Remember that time I wrote a letter to the President of the United States? Late last March, that's exactly what I did. It was the first time I'd written to any elected official as a registered voter. It's a letter that I sent not only to the president, but also to the two senators from Virginia and to my local congressman. I never expected to receive a response.
A few months ago, I received what amounted to a form letter from Senator Kaine's office. I assumed that would be the end of it. In fact, I'd pretty much put the letter I originally wrote out of my mind. Yesterday, I received a response from the White House.
If you don't want to click the above link to read my original words, you don't really have to. To sum up, I voiced my concerns regarding the state of social services in this country. Particularly, I was concerned with the state of Child Protective Services and their seeming inability to effectively protect children in our community. This letter, filled with my own frustrations, was written after witnessing a family of children continually get abused while CPS did nothing. Meanwhile, I've heard of a number of situations where CPS stepped in and removed children from good homes with parents who actually cared about their kids' well being. As a counselor, it breaks my heart to see these situations on either side of that coin.
I really expected nothing to come of the letter. I figured, at best, I would receive the same kind of form letter I got from Senator Kaine's office from several other elected officials. I expected nothing from the president.
The letter I received yesterday is typed. It was done so on December 26, the day after Christmas. If memory serves, the good people on the news said that the Obama family was in Hawaii at that time. While I've heard that President Obama does read a number of letters that arrive at the White House from time to time, I can't really assume he read mine.
But someone did. Someone read my specific concerns and specifically addressed them in this response. I can't say for certain that it was a staffer that wrote the letter. I suppose there is a possibility that the president himself wrote it. The writer makes it personal by saying "as a father," the well being of America's children are a high priority.
I can say with certainty that the letter was signed with ink. It wasn't stamped. So, at the very least, the president looked over the letter and gave his approval by putting his signature on it.
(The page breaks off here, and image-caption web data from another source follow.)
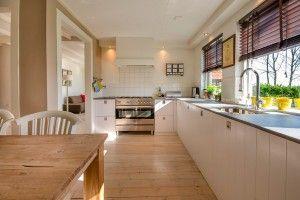 ideas de nuestro estudio de interiorismo en Granollers para reformar la cocina: combinar madera y blanco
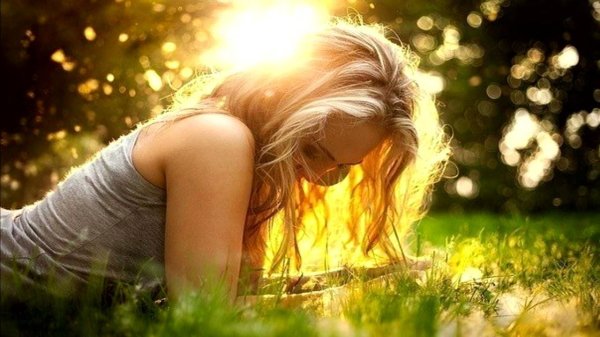 Девушка и солнце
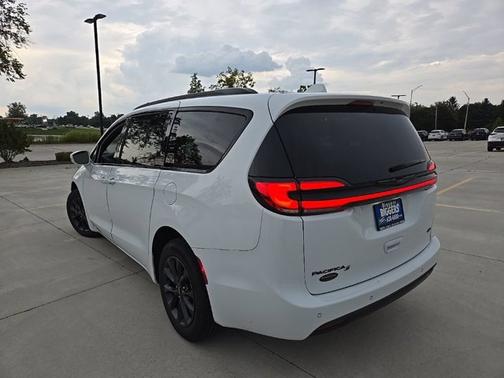2021 Chrysler Pacifica Touring
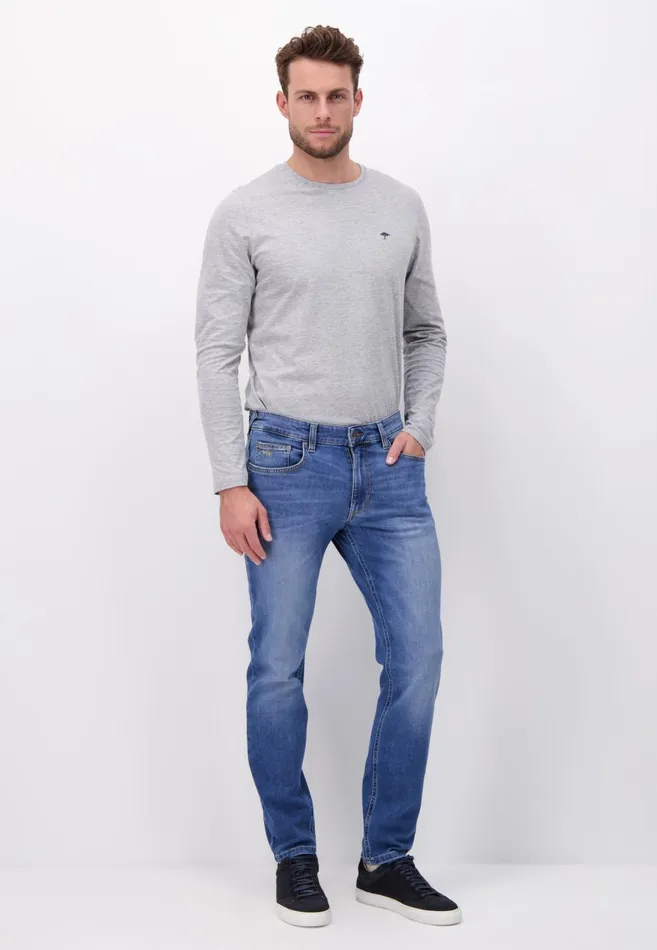 FYNCHHATTON Tapered Fit Jeans Black Usedmid Blueblue Bluelight Blue Men Pants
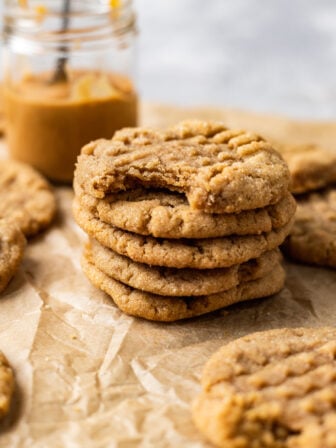 Easy Chewy & Soft Vegan Peanut Butter Cookies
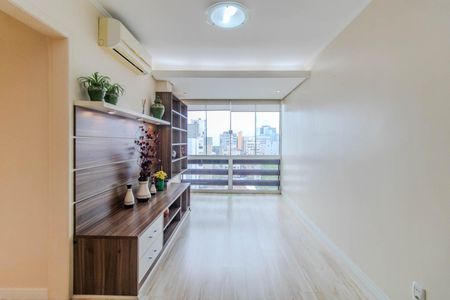 Sala de apartamento à venda com 2 quartos, 73m² em Centro Histórico, Porto Alegre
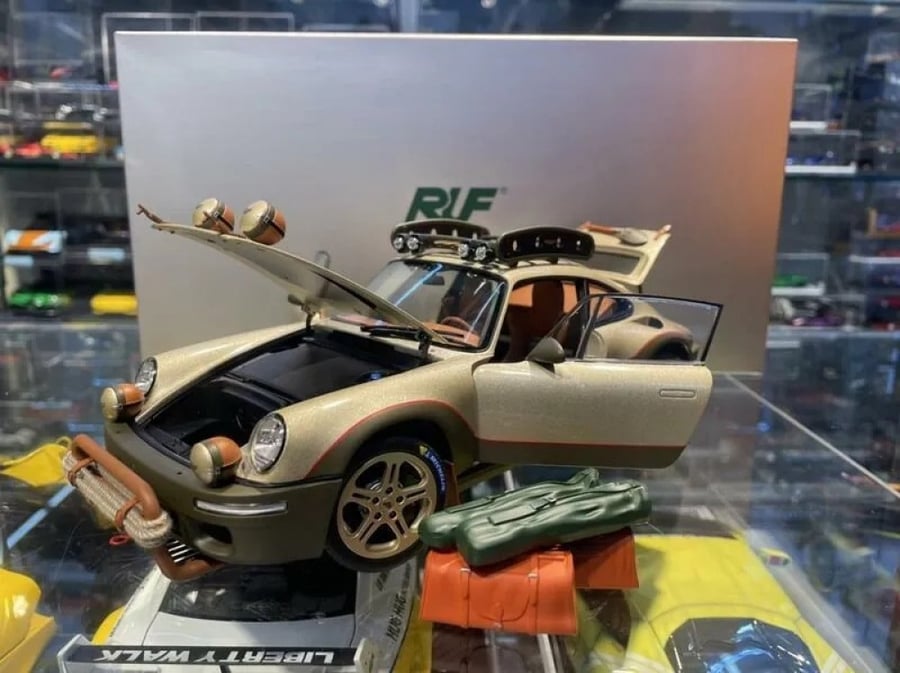 Porsche RUF Rodeo Gold Metallic 1:18 Almost Real 880101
The postmark on the envelope is from January 6. It arrived at my old post office box on the 14th before being forwarded to my current address, where it arrived yesterday, January 16. So my assumption is that someone on the president's staff wrote the letter the day after Christmas, gave it to the president for his approval once he returned from vacation, then dropped in the mail.
Again, I could be wrong. Maybe President Obama was sitting with Michelle and the kids the day after Christmas and said, "You know, I haven't heard from Aaron in a while. I should probably drop him a line." Yeah, I'm sure that's how it happened.
Whatever the case, I'm impressed by the response. My intent in writing the original letter was not to seek a sweeping change in the system. I just wanted my voice to be heard. This response does not represent a sweeping change in the system. It just lets me know that my voice was heard. For me, that's enough.